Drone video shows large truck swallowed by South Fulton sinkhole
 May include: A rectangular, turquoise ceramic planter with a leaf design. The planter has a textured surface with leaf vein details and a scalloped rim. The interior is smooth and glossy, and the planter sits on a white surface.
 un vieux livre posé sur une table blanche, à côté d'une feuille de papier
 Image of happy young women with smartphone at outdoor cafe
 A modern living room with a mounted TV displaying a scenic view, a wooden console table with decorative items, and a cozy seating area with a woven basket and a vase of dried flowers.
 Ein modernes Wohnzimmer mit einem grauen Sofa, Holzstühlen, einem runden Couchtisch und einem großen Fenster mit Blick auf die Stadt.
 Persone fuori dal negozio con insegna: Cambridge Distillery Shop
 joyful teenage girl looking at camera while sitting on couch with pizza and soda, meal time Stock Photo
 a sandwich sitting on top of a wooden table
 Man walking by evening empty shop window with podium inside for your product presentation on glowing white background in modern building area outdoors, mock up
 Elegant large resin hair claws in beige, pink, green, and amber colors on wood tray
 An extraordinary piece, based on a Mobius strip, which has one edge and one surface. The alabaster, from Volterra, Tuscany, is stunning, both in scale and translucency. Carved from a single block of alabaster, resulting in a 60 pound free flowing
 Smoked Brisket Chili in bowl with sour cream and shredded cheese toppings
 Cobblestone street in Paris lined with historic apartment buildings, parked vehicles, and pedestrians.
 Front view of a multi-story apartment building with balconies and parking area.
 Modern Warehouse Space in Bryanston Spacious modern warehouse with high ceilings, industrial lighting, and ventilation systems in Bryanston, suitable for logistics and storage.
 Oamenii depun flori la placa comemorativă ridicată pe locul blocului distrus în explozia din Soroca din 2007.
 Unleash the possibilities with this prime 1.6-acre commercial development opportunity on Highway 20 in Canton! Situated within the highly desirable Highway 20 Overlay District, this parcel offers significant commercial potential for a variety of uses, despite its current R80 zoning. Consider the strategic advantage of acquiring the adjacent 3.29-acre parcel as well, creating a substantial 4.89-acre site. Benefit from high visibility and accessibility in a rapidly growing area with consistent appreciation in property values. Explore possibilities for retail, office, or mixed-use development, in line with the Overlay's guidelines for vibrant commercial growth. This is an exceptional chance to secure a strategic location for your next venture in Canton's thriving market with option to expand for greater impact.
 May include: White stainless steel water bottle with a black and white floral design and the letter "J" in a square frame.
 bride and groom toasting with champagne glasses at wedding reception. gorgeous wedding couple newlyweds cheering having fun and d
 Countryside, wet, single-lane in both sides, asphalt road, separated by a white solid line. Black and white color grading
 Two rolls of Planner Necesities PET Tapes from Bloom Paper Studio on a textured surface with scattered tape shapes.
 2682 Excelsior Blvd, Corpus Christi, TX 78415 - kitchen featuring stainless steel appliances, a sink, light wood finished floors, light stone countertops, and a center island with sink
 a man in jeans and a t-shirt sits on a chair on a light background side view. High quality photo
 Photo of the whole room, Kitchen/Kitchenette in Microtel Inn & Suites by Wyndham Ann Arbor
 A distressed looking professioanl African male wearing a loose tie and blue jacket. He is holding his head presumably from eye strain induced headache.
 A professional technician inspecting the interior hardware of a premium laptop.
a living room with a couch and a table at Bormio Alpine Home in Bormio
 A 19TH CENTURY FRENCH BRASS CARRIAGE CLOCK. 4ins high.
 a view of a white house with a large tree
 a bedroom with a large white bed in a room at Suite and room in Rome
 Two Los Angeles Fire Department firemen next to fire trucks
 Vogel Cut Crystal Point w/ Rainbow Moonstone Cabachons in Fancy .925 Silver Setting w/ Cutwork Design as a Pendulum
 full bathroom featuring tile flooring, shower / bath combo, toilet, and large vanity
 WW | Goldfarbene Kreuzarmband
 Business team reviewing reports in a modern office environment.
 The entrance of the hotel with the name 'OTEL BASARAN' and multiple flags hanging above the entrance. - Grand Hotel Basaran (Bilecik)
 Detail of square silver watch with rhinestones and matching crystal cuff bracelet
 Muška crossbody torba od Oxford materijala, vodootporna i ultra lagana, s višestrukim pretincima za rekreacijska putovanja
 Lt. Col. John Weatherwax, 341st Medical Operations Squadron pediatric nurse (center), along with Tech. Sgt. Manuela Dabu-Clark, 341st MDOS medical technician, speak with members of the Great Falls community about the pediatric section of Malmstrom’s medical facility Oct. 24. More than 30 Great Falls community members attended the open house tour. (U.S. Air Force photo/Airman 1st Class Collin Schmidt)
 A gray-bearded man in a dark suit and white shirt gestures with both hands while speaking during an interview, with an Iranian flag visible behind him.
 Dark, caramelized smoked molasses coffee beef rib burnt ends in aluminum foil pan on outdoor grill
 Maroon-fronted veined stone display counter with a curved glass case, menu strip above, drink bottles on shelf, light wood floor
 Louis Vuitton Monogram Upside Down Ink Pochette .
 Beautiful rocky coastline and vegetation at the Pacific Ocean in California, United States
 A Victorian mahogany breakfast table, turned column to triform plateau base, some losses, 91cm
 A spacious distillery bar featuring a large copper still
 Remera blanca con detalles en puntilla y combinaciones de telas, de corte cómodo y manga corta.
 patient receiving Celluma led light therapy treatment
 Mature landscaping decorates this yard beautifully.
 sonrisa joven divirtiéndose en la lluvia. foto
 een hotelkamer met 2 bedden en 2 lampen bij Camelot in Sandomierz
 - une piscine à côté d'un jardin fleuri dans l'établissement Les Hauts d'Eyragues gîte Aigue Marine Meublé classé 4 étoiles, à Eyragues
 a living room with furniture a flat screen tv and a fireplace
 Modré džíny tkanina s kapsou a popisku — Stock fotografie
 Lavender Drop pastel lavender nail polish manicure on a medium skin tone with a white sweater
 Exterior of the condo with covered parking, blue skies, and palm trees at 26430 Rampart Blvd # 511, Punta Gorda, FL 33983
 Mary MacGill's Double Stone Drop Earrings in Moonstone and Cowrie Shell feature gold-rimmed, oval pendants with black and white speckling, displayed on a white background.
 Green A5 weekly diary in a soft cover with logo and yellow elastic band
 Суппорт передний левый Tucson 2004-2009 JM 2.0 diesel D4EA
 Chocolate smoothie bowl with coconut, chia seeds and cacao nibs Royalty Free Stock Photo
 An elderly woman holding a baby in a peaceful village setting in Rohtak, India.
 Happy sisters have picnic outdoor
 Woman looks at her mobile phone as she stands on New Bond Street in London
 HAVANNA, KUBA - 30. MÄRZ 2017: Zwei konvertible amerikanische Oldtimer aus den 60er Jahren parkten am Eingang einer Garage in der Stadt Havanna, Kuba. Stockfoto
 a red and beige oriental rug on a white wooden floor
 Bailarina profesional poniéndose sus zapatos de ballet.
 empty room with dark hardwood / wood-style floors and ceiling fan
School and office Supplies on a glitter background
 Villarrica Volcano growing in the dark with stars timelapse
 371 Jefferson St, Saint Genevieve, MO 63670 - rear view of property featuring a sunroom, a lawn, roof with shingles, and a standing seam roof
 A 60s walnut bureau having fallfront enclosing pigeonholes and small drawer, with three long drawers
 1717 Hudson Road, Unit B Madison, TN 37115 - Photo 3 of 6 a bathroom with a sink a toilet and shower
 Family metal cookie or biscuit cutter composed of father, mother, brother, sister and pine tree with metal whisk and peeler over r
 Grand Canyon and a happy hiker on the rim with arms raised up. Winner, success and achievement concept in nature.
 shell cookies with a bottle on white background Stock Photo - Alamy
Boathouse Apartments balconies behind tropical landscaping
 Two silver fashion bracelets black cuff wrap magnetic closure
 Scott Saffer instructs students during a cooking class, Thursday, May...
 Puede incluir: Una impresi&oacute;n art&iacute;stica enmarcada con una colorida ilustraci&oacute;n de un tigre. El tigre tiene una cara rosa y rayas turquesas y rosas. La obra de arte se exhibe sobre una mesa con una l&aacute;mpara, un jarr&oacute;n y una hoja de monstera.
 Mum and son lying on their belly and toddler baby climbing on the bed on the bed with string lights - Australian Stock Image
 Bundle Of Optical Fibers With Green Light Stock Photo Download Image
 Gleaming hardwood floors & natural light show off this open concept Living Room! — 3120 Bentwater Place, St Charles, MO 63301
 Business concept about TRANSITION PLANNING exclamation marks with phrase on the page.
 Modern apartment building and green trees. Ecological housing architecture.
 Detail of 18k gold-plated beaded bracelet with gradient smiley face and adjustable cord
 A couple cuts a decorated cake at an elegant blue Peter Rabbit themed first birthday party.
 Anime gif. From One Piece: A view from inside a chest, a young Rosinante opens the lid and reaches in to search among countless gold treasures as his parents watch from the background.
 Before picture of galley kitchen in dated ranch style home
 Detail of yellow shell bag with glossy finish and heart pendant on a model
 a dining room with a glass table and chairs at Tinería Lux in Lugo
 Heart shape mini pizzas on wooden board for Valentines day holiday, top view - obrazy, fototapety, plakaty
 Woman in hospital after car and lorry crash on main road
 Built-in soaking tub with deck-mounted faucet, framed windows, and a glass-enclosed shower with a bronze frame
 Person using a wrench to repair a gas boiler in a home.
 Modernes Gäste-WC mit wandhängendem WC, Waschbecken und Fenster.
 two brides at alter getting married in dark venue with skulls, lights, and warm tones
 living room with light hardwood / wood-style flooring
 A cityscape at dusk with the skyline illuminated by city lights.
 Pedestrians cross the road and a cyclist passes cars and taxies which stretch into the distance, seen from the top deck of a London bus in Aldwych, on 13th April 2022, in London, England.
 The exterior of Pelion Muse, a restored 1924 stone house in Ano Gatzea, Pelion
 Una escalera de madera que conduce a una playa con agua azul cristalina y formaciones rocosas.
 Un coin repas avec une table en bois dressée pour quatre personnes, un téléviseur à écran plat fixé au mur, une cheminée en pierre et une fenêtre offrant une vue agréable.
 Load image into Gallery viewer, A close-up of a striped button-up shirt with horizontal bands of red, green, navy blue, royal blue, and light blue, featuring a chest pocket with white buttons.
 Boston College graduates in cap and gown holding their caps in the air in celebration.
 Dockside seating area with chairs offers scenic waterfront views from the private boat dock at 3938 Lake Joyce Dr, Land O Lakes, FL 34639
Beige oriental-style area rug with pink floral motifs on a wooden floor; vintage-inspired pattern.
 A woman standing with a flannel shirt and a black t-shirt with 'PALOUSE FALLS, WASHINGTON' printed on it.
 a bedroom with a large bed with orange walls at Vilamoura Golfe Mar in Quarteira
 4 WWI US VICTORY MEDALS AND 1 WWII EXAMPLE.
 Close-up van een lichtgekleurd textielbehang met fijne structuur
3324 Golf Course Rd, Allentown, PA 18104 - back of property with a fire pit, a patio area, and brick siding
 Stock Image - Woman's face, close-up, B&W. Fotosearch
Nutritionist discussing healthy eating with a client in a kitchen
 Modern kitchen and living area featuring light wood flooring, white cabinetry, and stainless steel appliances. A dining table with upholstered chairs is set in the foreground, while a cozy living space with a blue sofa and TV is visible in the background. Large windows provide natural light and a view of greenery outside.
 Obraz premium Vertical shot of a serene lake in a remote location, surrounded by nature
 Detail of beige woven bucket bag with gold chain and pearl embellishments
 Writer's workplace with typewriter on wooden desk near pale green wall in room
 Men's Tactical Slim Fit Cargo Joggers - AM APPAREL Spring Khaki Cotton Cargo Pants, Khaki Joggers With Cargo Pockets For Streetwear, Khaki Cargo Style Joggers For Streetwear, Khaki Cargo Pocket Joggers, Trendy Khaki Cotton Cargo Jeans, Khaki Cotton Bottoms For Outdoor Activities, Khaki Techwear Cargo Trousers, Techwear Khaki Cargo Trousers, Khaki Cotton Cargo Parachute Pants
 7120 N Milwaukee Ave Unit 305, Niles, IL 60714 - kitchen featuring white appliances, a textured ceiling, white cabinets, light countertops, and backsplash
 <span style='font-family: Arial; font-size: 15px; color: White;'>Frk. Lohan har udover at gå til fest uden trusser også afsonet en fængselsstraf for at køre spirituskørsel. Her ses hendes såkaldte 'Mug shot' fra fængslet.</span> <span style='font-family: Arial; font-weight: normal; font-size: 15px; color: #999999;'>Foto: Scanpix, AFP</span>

━━━━━━━━━━

• _Activity_
Where the line holding "patient receiving Celluma" appears in the listing above, start reproducing exactly, and end with the line holding "een hotelkamer met".

• _Output below_
 patient receiving Celluma led light therapy treatment
 Mature landscaping decorates this yard beautifully.
 sonrisa joven divirtiéndose en la lluvia. foto
 een hotelkamer met 2 bedden en 2 lampen bij Camelot in Sandomierz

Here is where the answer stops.